### DATA LISTING
════════════════════

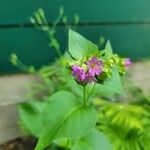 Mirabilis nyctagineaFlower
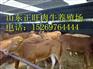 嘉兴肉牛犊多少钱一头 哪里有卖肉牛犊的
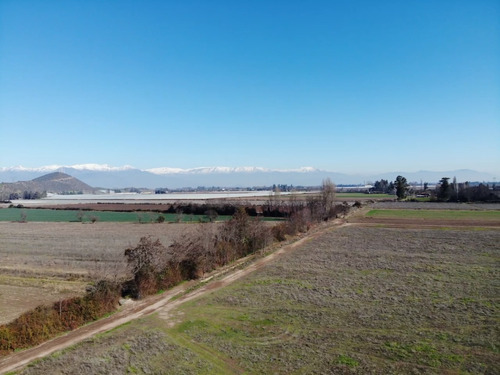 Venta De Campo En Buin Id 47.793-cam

════════════════════

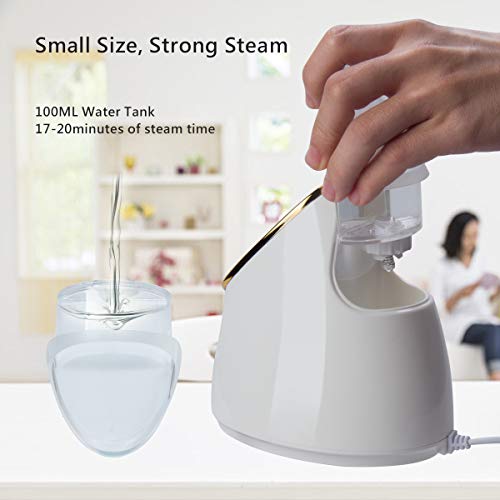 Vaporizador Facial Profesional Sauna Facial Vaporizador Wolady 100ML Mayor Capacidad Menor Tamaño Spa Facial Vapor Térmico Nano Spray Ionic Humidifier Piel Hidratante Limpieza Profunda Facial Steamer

════════════════════

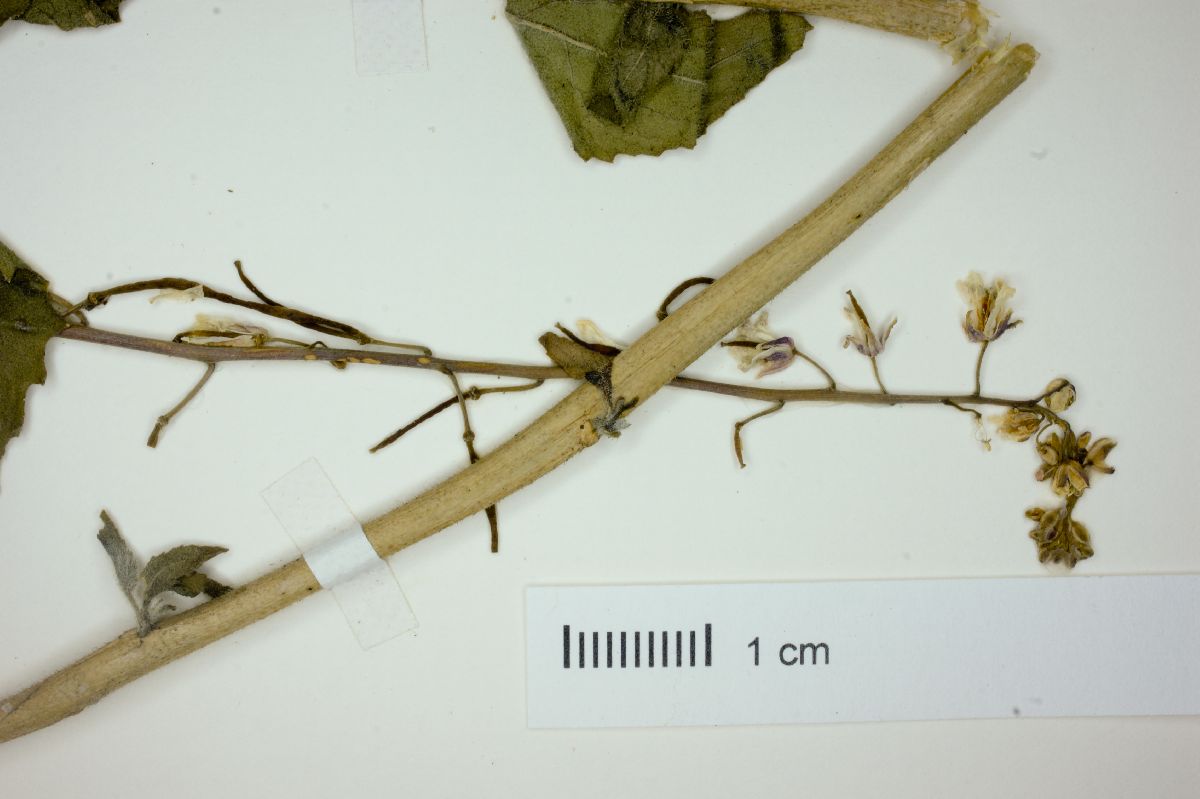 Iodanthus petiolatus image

════════════════════

### PROBLEM DESCRIPTION
Word for word, write out the lines above running from the one with "Mirabilis nyctagineaFlower" up to and including the one with "Venta De Campo En Buin Id 47.793-cam". Drop any picture.

### SOLUTION BELOW
 Mirabilis nyctagineaFlower
 嘉兴肉牛犊多少钱一头 哪里有卖肉牛犊的
 Venta De Campo En Buin Id 47.793-cam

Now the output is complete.